Takata se trouve dans une très mauvaise passe depuis quelques mois, et se doit de trouver une solution pour tenter de redresser la barre. Il se voit ainsi contraint de sélectionner un soutien financier en vue de pouvoir éponger les frais générés par une vaste opération de remplacements d’airbags défaillants, après le décès de 16 personnes. Secoué depuis trois ans par le scandale, le groupe doit ainsi boucler prochainement des discussions clés avec des investisseurs potentiels. En 2016, le groupe japonais a mis sur pied un comité directeur en vue de procéder à la recherche d’un partenaire financier, [engageant la banque Lazard comme conseil].

Courant janvier, plusieurs médias indiquaient que le suédois Autoliv, premier groupe mondial dans le secteur des airbags, ainsi qu’un consortium mené par KSS, accompagné du fonds Bain Capital et de la firme japonaise Daicel étaient désormais les seuls sauveurs de Takata mais que les deux candidats potentiellement intéressés pour reprendre l’entreprise, ne souhaitaient pas assumer le passif. Leur volonté étant d’effacer les charges via un dépôt de bilan, pour poursuivre par un processus de redressement judiciaire.

Selon le quotidien économique japonais Nikkei, le suédois Autoliv, l’autre candidat en lice et premier groupe mondial dans le secteur des airbags, serait néanmoins désormais écarté par le comité, afin de satisfaire aux règles sur la concurrence. Takata lui-même contrôle en effet 20% du marché des ceintures et airbags. Le groupe japonais n’est toutefois pas tenu de suivre la proposition du comité, assurant ainsi n’avoir pas encore pris de décision à ce sujet.

Reste que l’information n’a pas eu l’heur de plaire aux actionnaires, le titre chutant lundi de 18,65 % à la Bourse de Tokyo, atteignant la limite de la baisse autorisée. Les investisseurs redoutent en effet que l’équipementier se voit contraint de passer par une procédure de redressement judiciaire, les constructeurs automobiles n’étant favorables à l’option Key Safety Systems qu’à cette condition. Partie prenante dans la bataille, ils ont en effet voie au chapitre, notamment après avoir supporté le coût des millions de rappels de véhicules.

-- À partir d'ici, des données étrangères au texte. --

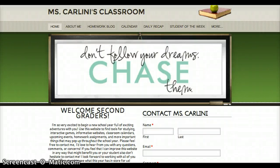Hi everyone and welcome to my CEP 416 website. This is my classroom website that I'm so excited to show you about.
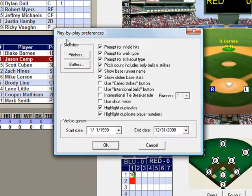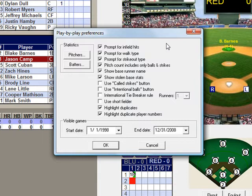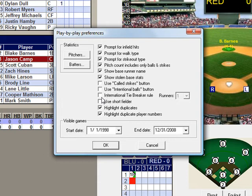Here you'll see a prompt box with several different preferences for you to use. On this list, you will see international tiebreaker rule. Place a check in the check box next to that menu option.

Fin janvier, s’exprimant dans un communiqué le fabricant japonais avait indiqué ne pas prévoir d’opter pour un redressement judiciaire. Selon lui, ce choix rendrait difficile le maintien de la chaîne d’approvisionnement et perturberait donc la fourniture des airbags de remplacement. Il est vrai que compte-tenu de l’ampleur de la part de marché détenue par l’entreprise, une telle éventualité mettrait en péril les obligations contractuelles de Takata, rendant la situation très difficile pour ses clients tels que General Motors, Toyota, BMW, Fiat Chrysler ou Nissan. Arguments que met en avant lui-même le groupe japonais.